Limitations & Future Work

  • Authors acknowledge failure cases (local missing structures or unordered edges) for extremely complex structures.
  • Performance degrades significantly under extreme input degradation (75% removal, 0.05 noise), indicating a limit to global context robustness.
  • ⚠️ Auto-regressive token-by-token generation might be slow for long wireframes (complex buildings with many edges); inference latency comparison is missing.
  • The PSF design is specific (combination of F1 and WED); whether it is optimal or universal for all building styles requires further discussion.
  • Future Work: Introducing stronger geometric/physical constraints during decoding or expanding preference signals to include semantic human feedback may further reduce topological errors in complex buildings.
  • vs Detection-based (PC2WF / Point2Roof / BWFormer / PBWR): These focus on local features and suffer from missed detections under noise; they are not fully end-to-end.
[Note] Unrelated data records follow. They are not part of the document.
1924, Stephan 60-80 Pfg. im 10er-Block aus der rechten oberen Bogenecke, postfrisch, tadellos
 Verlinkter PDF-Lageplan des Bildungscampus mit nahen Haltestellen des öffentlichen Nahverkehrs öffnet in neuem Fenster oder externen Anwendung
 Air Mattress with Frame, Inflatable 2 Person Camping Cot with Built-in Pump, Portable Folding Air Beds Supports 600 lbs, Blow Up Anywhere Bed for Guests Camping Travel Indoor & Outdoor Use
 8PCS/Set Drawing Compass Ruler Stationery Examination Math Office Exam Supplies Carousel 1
BuildingGPT generates entire edge sequences, models dependencies explicitly, and leads significantly in metrics (e.g., EF1 88.9 → 94.4).
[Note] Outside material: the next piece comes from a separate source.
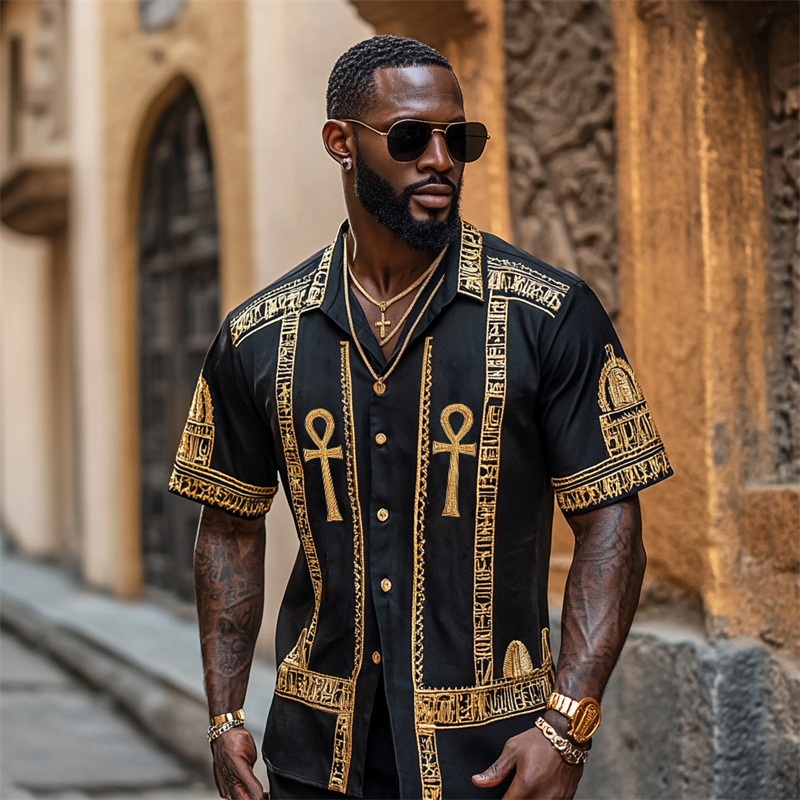 Trend de moda para hombres transfronterizos Camisa de manga corta hawaiana Camisa estampada digital 3D Transfronteriza Amazon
  • vs Diffusion-based (EdgeDiff): EdgeDiff requires post-processing for its fixed padding edges; BuildingGPT uses adaptive sequence lengths and an EOS constraint, removing the need for padding or clustering (WED 1.39 → 0.98).
  • vs Auto-regressive Mesh Generation (PolyGen / MeshGPT): This work borrows the idea of ordering geometry into token sequences but introduces the footprint → roof hierarchical semantic tokenization and is the first to bring DPO preference alignment to wireframe reconstruction.

Rating

  • Novelty: ⭐⭐⭐⭐⭐ First complete "Hierarchical Tokenization + Conditioned Auto-regression + DPO" paradigm for wireframe reconstruction.
  • Experimental Thoroughness: ⭐⭐⭐⭐⭐ Comprehensive comparisons, ablations, scaling, robustness, and cross-domain tests on a 267K dataset.
  • Writing Quality: ⭐⭐⭐⭐ Clear motivation and method, though some implementation details (inference latency) are sparse.
  • Value: ⭐⭐⭐⭐⭐ Successfully migrates LLM paradigms to 3D structured reconstruction with scaling behavior, offering high utility for city modeling and digital twins.